Great pull BC. Hope you don't mind if I hang my $0.02 worth on it.

Quote:
At a time when scores of companies are freezing pensions for their workers, some are quietly converting their pension plans into resources to finance their executives' retirement benefits and pay.

In recent years, companies from Intel Corp. to CenturyTel Inc. collectively have moved hundreds of millions of dollars of obligations for executive benefits into rank-and-file pension plans. This lets companies capture tax breaks intended for pensions of regular workers and use them to pay for executives' supplemental benefits and compensation.

Pretty damned disgusting, I'd say. I wonder how the shills are going to couch this one as some kind of necessity.
Quote:
The practice has drawn scant notice. A close examination by The Wall Street Journal shows how it works and reveals that the maneuver, besides being a dubious use of tax law, risks harming regular workers.

Ah yeah but really... what's more important here, regular workers or already overpaid and otherwise over compensated execs?
Quote:
Employers generally reveal little about it. Some benefits consultants have warned them not to, in order to forestall a backlash by regulators and lower-level workers.
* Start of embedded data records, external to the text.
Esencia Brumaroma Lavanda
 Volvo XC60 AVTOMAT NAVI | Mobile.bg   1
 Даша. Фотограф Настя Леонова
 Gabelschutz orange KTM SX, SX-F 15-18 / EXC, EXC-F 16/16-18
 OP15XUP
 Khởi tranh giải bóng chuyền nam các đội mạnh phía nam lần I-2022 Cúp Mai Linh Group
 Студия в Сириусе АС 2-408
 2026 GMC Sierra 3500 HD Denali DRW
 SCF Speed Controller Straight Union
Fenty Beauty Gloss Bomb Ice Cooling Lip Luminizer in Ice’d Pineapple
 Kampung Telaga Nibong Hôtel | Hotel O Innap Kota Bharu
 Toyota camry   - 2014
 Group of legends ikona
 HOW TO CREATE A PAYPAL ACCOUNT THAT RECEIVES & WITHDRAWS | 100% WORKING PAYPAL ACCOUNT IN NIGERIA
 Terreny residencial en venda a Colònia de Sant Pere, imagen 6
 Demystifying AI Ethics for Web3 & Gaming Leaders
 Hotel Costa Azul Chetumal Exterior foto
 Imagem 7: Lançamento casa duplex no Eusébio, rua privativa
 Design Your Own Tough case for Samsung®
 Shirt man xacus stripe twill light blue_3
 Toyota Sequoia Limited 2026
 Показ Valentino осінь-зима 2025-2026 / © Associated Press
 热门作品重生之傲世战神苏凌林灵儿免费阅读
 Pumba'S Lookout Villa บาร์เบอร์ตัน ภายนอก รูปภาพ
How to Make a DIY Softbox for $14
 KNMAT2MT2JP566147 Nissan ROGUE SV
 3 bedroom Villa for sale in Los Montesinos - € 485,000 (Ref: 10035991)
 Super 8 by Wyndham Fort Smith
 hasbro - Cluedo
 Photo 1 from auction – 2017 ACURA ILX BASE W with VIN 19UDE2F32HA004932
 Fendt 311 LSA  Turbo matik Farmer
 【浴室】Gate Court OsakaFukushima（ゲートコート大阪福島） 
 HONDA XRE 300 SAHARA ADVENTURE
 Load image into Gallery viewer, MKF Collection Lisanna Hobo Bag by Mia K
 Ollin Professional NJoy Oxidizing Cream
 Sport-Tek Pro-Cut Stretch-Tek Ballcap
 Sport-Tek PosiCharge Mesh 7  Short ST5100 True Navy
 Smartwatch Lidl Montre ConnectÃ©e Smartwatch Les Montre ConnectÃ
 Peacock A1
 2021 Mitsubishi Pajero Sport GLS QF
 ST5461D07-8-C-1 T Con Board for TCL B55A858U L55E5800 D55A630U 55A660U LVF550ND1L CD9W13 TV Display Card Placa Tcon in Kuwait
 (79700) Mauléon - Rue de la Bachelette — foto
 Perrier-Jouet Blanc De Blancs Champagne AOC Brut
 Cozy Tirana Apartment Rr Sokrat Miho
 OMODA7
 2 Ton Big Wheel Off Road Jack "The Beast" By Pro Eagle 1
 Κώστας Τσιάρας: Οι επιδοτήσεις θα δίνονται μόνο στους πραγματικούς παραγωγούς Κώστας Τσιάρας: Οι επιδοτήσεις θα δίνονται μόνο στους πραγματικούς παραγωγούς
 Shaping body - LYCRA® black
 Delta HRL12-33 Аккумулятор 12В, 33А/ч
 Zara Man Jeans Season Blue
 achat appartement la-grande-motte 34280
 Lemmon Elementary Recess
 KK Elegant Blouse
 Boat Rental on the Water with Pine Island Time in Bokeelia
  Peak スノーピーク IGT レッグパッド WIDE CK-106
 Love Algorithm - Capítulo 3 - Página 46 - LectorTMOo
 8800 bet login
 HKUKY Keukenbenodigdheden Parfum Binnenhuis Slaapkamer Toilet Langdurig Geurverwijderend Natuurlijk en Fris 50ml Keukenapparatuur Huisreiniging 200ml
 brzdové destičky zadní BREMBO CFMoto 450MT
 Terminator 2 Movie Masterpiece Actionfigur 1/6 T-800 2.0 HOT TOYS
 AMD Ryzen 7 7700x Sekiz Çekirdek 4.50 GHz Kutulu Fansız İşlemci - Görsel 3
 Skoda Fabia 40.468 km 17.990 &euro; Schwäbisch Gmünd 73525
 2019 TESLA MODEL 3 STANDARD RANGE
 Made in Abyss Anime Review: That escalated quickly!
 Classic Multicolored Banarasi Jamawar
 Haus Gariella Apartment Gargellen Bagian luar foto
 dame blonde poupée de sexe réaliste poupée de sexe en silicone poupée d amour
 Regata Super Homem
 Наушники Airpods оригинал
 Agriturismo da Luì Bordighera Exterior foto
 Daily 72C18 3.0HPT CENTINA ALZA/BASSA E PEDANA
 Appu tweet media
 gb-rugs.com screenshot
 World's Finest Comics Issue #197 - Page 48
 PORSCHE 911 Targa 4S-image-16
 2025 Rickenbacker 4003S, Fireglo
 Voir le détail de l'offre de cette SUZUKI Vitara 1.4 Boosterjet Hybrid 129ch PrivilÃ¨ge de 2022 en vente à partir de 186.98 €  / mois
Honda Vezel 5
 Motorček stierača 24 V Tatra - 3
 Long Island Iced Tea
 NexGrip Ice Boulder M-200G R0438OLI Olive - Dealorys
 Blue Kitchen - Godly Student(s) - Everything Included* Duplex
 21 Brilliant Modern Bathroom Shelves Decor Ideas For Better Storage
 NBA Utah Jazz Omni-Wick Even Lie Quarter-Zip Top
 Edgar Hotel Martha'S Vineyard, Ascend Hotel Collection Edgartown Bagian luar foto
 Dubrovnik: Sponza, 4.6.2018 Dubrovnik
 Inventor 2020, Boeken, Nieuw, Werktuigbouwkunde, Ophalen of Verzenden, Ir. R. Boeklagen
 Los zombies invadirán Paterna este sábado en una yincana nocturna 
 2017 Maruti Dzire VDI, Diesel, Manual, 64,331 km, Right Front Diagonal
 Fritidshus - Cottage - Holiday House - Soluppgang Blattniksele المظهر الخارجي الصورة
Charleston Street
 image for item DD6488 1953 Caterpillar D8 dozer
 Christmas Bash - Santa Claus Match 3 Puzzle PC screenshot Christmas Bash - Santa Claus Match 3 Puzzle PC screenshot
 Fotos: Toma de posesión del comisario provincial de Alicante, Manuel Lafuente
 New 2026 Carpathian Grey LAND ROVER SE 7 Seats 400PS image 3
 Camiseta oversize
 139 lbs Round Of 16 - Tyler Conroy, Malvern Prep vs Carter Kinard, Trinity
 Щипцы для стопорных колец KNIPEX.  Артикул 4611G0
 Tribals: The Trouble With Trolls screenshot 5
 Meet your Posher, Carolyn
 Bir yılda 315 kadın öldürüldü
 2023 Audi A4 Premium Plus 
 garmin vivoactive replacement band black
Yeah, I can flipping imagine.
Rolling Eyes

But NOOOooo, these rich execs and institutional shareholders don't enrich themselves at the expense of the rank and file. That's just our imaginations and/or class warfare conspiracy theories, eh? That's what the shills say or at least try to imply.
Quote:
The background: Federal law encourages employers to offer pensions by giving companies a tax deduction when they contribute cash to a pension plan, and by letting the money in the plan grow tax free. Executives, like anyone else, can participate in these plans.

But their benefits can't be disproportionately large. IRS rules say pension plans must not "discriminate in favor of highly compensated employees." If a company wants to give its executives larger pensions -- as most do -- it must provide "supplemental" executive pensions, which don't carry any tax advantages.

The trick is to find a way to move some of the obligations for supplemental pensions into the plan that qualifies for tax breaks. Benefits consultants market sophisticated techniques to help companies do just that, without running afoul of IRS rules against favoring the highly paid.

Sophisticated? There are other words that would fit just as well. You know damned well that if these execs and their ilk were as honest and on the up and up as the shills would have you believe, they wouldn't employ batteries of lawyers and accountants whose sole purpose is to come up with crap like this. They must figure the return is worth the investment, right? It certainly was for Intel:
Quote:
Intel's case shows how lucrative such a move can be. It involves Intel's obligation to pay deferred compensation to executives when they retire or leave. In 2005, the chip maker moved more than $200 million of its deferred-comp IOUs into its pension plan. Then it contributed at least $187 million of cash to the plan.

Now, when the executives get ready to collect their deferred salaries, Intel won't have to pay them out of cash; the pension plan will pay them.

Normally, companies can deduct the cost of deferred comp only when they actually pay it, often many years after the obligation is incurred. But Intel's contribution to the pension plan was deductible immediately. Its tax saving: $65 million in the first year. In other words, taxpayers helped finance Intel's executive compensation.

Seems the taxpayers are being called upon to finance a lot more crap for these multi billion dollar companies than ever before.